Description of the task
Among the entries below, retype exactly the lines starting with the one with "Women’s Formal Dresses 18-22 See Description" and going on through the one with "Phanh Lee khoe", but not the pictures.

Data excerpts
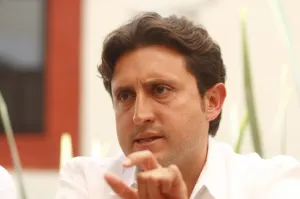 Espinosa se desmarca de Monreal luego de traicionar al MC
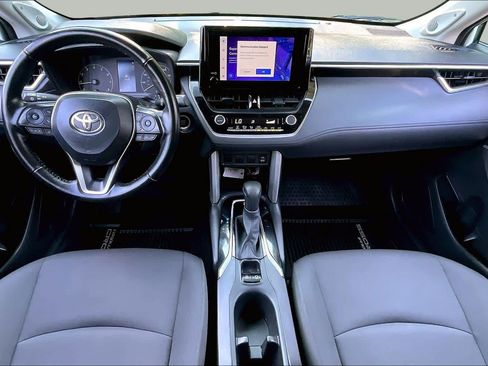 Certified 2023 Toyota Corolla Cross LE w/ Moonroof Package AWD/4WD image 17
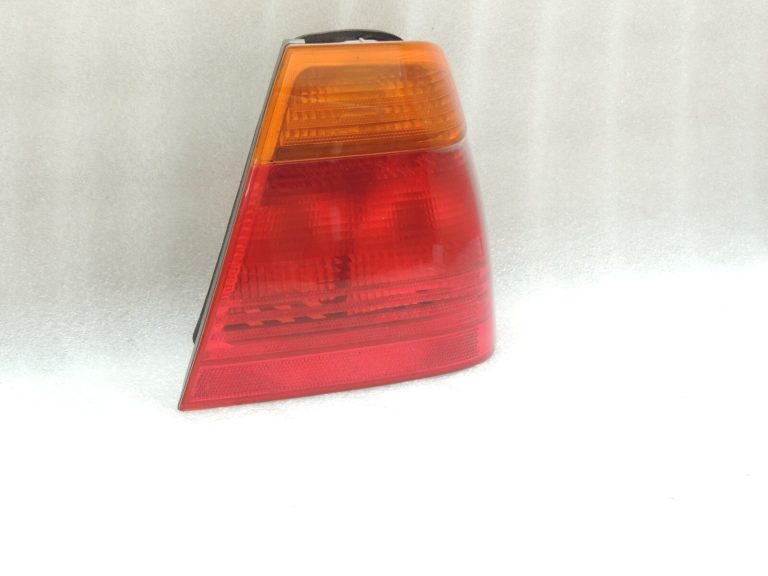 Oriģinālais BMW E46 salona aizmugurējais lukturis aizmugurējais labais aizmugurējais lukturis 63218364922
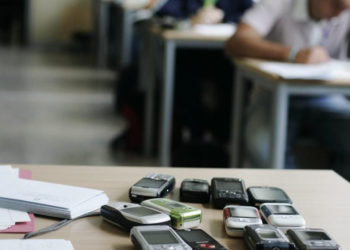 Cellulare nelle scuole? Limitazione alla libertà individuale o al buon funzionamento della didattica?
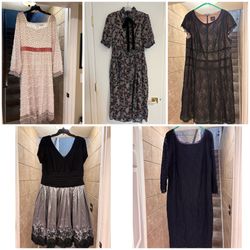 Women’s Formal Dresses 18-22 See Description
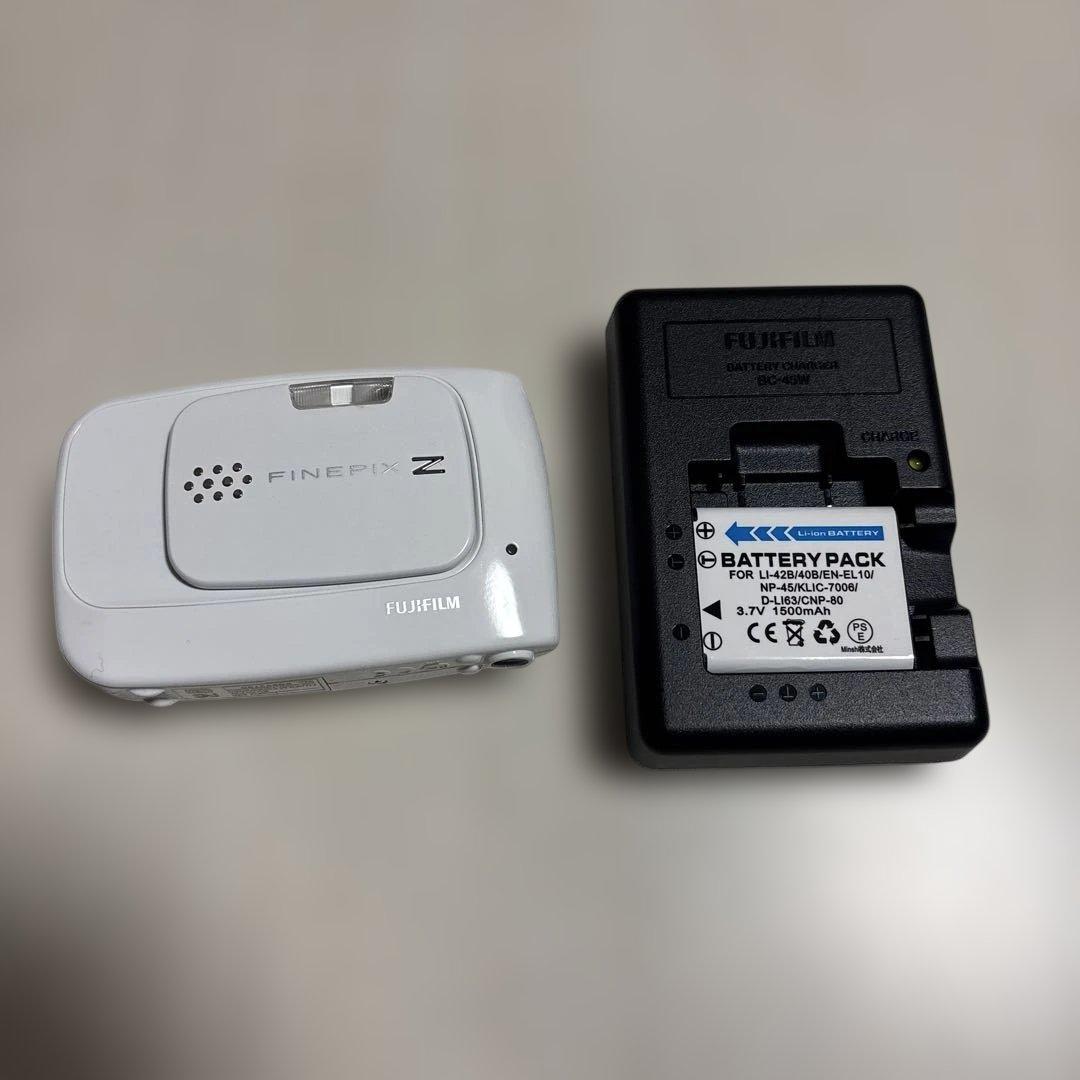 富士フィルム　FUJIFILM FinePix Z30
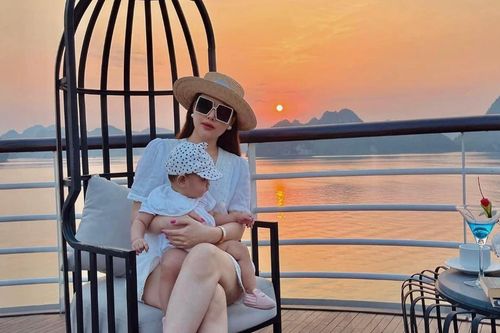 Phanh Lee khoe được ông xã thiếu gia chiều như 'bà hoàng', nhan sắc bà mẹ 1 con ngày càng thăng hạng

...

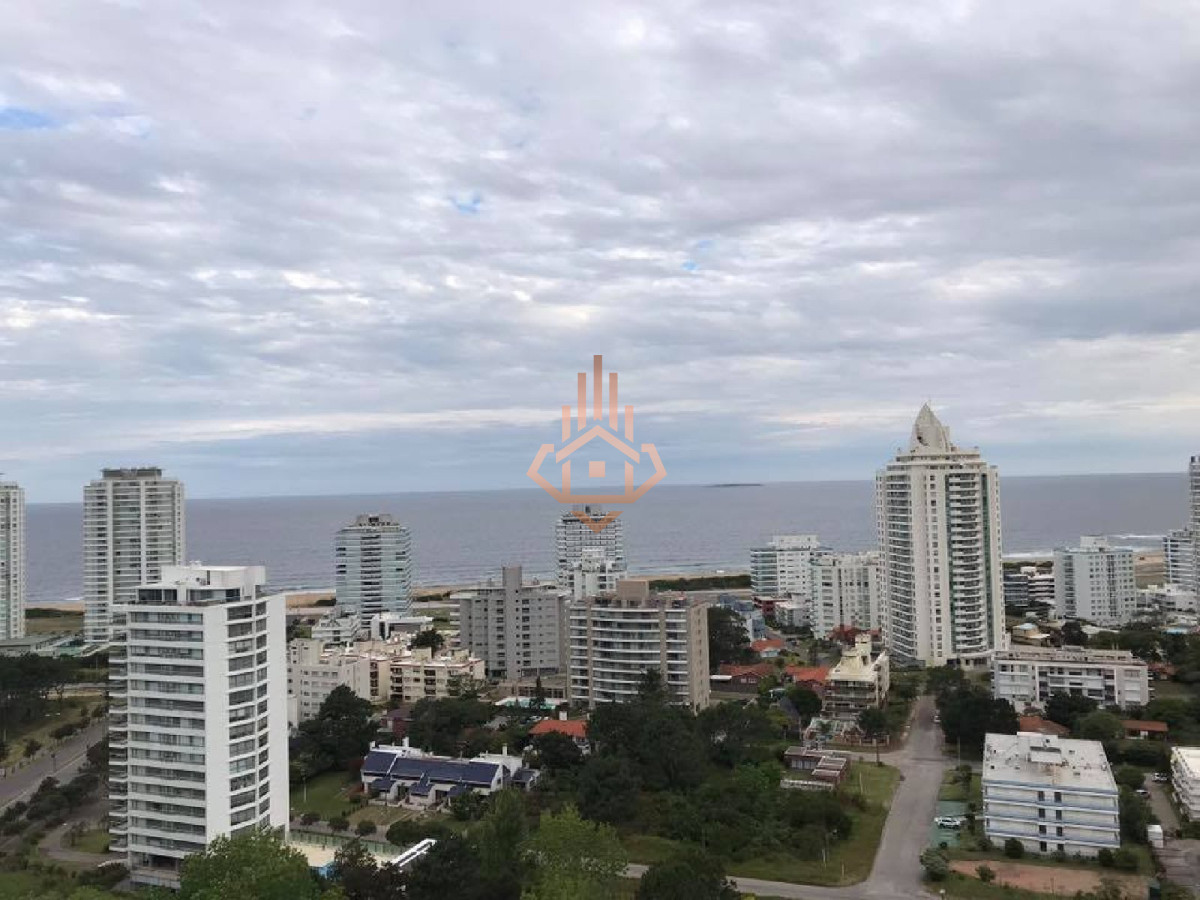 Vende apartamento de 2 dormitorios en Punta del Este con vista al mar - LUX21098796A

Result
 Women’s Formal Dresses 18-22 See Description
 富士フィルム　FUJIFILM FinePix Z30
 Phanh Lee khoe được ông xã thiếu gia chiều như 'bà hoàng', nhan sắc bà mẹ 1 con ngày càng thăng hạng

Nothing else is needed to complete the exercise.